▶ Work order: Repeat the whole listing word for word, skipping pictures.

▶ Dataset excerpt:
+ + +

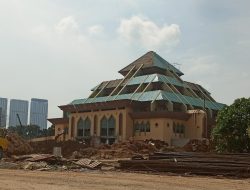 Atap Limas Beton Masjid Agung Batam Mulai Dibongkar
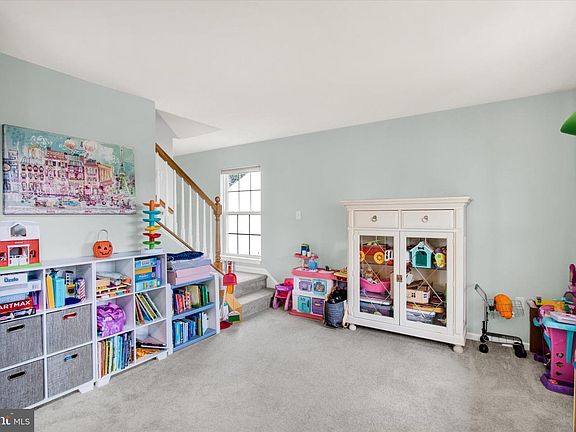 4th image of 2514 Goddard Ave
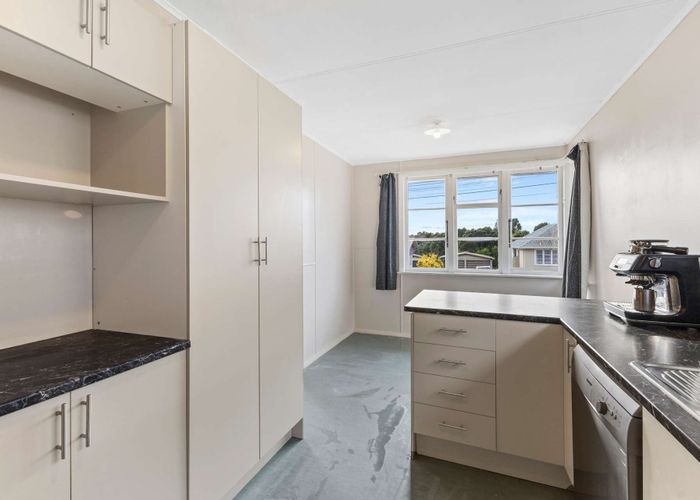 at 29 Endeavour Street, Marfell, New Plymouth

+ + +

▶ Expected answer:
 Atap Limas Beton Masjid Agung Batam Mulai Dibongkar
 4th image of 2514 Goddard Ave
 at 29 Endeavour Street, Marfell, New Plymouth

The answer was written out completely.